You have asked for a legal opinion regarding the validity of a marriage in which the
applicant and the spouse entered into a ceremony prior to the expiration of the State-mandated
The claimant, Deborah J. B~, and her putative spouse, Douglas H~, applied for a marriage
license on February 2, 1998, in the State of Washington. Two days later on February
4, 1998, Reverend Steve P. S~ performed the marriage ceremony and signed the Marriage
License. Two individuals, Jon and Sandy M~, witnessed the ceremony.
Recently, Ms. B~ filed for widow's benefits on the record of Robert A. J~, SSN ~,
her previous husband. She claims that her marriage to Mr. H~ is not valid.

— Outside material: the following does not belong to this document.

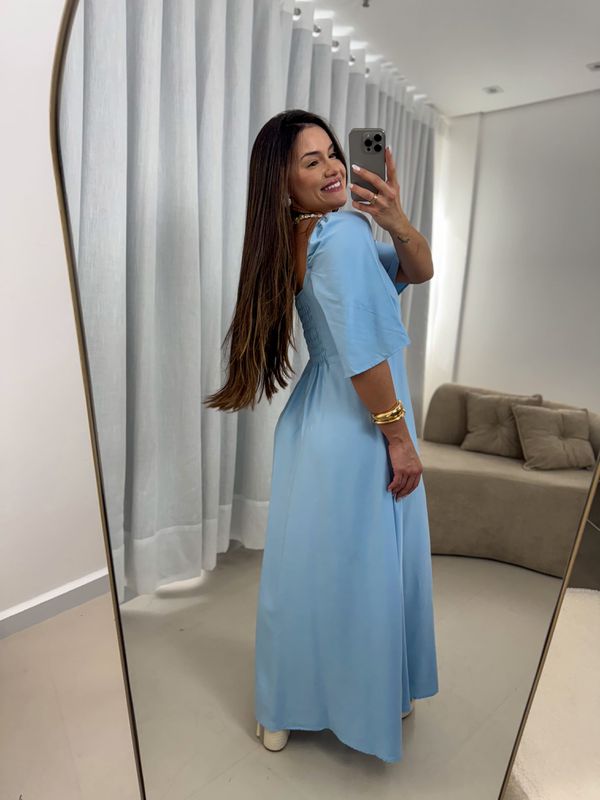 Vestido Yasmin Azul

For the reasons set forth below, we find that the marriage of Deborah J. B~ and Douglas
H~ is a valid but voidable by court decree.
Section 216(h)(1)(A) of the Social Security Act, 42 U.S.C.A. § 416(h)(1)(A), provides:
An applicant is the wife, husband, widow, or widower of a fully or currently insured
individual for purposes of this title if the courts of the State in which such insured
individual is domiciled at the time such applicant files an application, would find
that such applicant and such insured individual were validly married at the time such
applicant files such application . . .. If such courts would not find that such applicant
and such insured individual were validly married at such time, such applicant shall,
nevertheless be deemed to be the wife, husband, widow, or widower, as the case may
be, of such insured individual if such applicant would, under the laws applied by
such courts in determining the devolution of intestate personal property, have the
same status with respect to the taking of such property as a wife, husband, widow,
or widower of such insured individual.
Two Washington statutes address the requisites of ceremonial marriage. The first states:
Before any persons can be joined in marriage, they shall procure a license from a
county auditor, as provided in RCW 26.04.150 through 26.04.190.
Wash. Rev. Code § 26.04.140 (1998). The second statute states:
The county auditor may issue the marriage license at the time of application, but
shall issue such license no later than the third full day following the date of the
application. A marriage license issued pursuant to the provisions of this chapter
may not be used until three days after the date of application and shall become void
if the marriage is not solemnized within sixty days of the date of the issuance of
the license, and the county auditor shall notify the applicant in writing of this
requirement at the time of issuance of the license.
Wash. Rev. Code § 26.04.180 (1998). In the present case, Ms. B~ and Mr. H~ should
have waited until February 5, 1998 (which is three days from the date of the marriage
application) to marry. Instead, they married one day early.
A marriage that does not comply with the three-day waiting period required by § 26.04.180
is voidable. Estate
of Alda May Thomas Crittenden v. Crittenden, 29 Or.App. 189, 191 (1977) (applying Washington law). A “voidable marriage
is valid for all purposes until annulled, and can be attacked only
in a direct proceeding during the lifetime of both spouses.” Romano
v. Romano 40 Wash.2d 796, 803-04 (1952). In other words, the marriage remains valid until it
is set aside by court decree in an action brought during the lifetime of the spouses. Id. at 803. In this case, there is no evidence that Ms. B~ or Mr. H~ has filed a court
action to annul or set aside the marriage. Until one or the other files the court
action and obtains a court decree, the marriage remains valid for all purposes.